With $325.5 billion sent around the world by over 200 million migrants, it is easy to see why most discussions of remittances focus on the numbers. Often doubling or tripling official development assistance, remittance flows are an invaluable source of financing for many developing nations.

But in the enthusiasm over these quantitative measurements, one key measure is lost: an understanding of the migrants who work for each dollar those numbers represent. Far away from their homes, these workers often labor in poor conditions with little oversight or regulation. Moreover, as several articles published last month argue, poor economic conditions at home render migrant workers particularly vulnerable to predatory or even fraudulent practices.

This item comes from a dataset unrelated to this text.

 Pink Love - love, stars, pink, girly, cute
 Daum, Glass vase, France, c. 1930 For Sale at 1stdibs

A blog article last month by The Economist discusses the issue of migrant rights in the context of Indonesian immigrants who work as domestic servants in Saudi Arabia. Detailing the constant threat of abuse that workers may face, the article describes how the lack of workers’ rights have resulted in several prominent scandals, leading to tense relations between the two governments. In one instance, the Saudi Arabian government executed an Indonesian domestic servant without notifying the Indonesian embassy. The worker was accused of stabbing her employer to death after he allegedly abused her. Other workers have complained of long hours, unpaid work, and physical or psychological abuse.

In response to this and other similar incidents of worker rights violations, the Indonesian government has instituted a moratorium on sending domestic workers to Saudi Arabia, set to begin August 1st. The policy is blunt, failing to discriminate between households that abuse workers and those which do not. Consequently, it is unclear whether the moratorium will do more good than harm. According to the World Bank, Indonesia received 7.14 billion in remittances during 2010, and the Economist reports that 44% of these remittances come from Saudi Arabia. Losing that income could be ruinous for some families.

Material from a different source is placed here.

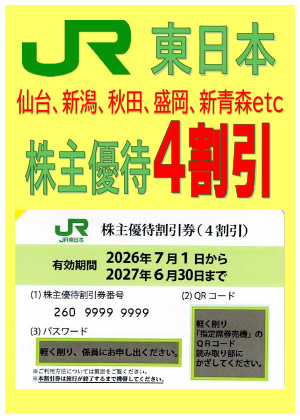 株主優待券2枚買いでさらにお得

But even in other nations, the stakes are high as well. After the Indonesian government announced its moratorium in June, the Saudi government announced in July its own moratorium on maids from Indonesia and the Philippines (ostensibly to protect local labor). Remittances play a much larger role in the Philippine economy than inIndonesian. At 21.3 billion annually, the Philippines are the third largest recipient of remittances in the world and the ninth largest source of emigrants. Curbing remittances to the Philippines would have even more devastating economic consequences than in Indonesia.

These allegations of worker abuse are not limited only to developing nations. In a tale that strikes closer to home, Sarah Stillman’s recent article in the New Yorker examines worker abuse and human trafficking in the Middle East bases of the U.S. military.

Lured by the promise of well-paying jobs, migrant workers hail from far-flung countries including Fiji, Kenya, and the Philippine to serve as cooks, waiters, and hairdressers at U.S. bases. In total, these workers make up 60% of the total contracted force in the Iraq, but as Silliman explains, they are often hired by subcontractors to subcontractors, operating with little or no Pentagon supervision.

Silliman describes the tale of one Fijian woman who was promised a job as a hairdresser in a luxury hotel in Dubai. The job was a lie. As soon as she arrived in Dubai, she was boarded on another plane—this time, to Iraq. Having paid $500 on “paperwork” to obtain the position, she could hardly go back to Fiji. Instead, she served for nine months under the threat of violence and injury before returning home.

Silliman’s article is full of stories just as horrifying, and indeed, one criticism of the article might be its reliance on anecdotal rather than statistical evidence. But at the same time, statistics are hard to come by, and many workers have no incentive to report their abuses. Some work illegally, with forged papers to pass security clearances. Others have paid thousands of dollars for a job, and are unwilling to risk being fired. Even those who want to complain face significant difficulties, such as a byzantine bureaucracy that stalls and confuses even the most determined. At her most harrowing, Silliman describes how she tried to report the claims of a migrant worker that she had been sexually assaulted:

I dialled (sic) the U.S. Army’s emergency sexual-assault hot line, printed on a pamphlet distributed across the base that read, “Stand Up Against Sexual Assault . . . Make a Difference.” Nobody answered. Despite several calls over several days, the number simply rang and rang.

Since its publication, Silliman’s article has won public praise and even inspired Congressional action. On July 7, Representative Karen Bass (D-CA) proposed an amendment to the Defense Appropriations Bill prohibiting the use of Defense Department funds in human trafficking (note: DoD funds have never been “approved” for human trafficking. Rather, poor enforcement and oversight have allowed violations to occur). “A recent New Yorker article illustrates the urgent need for my amendment,” Congresswoman Bass said on the floor of the house, arguing that “more can and must be done to explicitly prohibit this human rights violation and ensure compliance with the law.”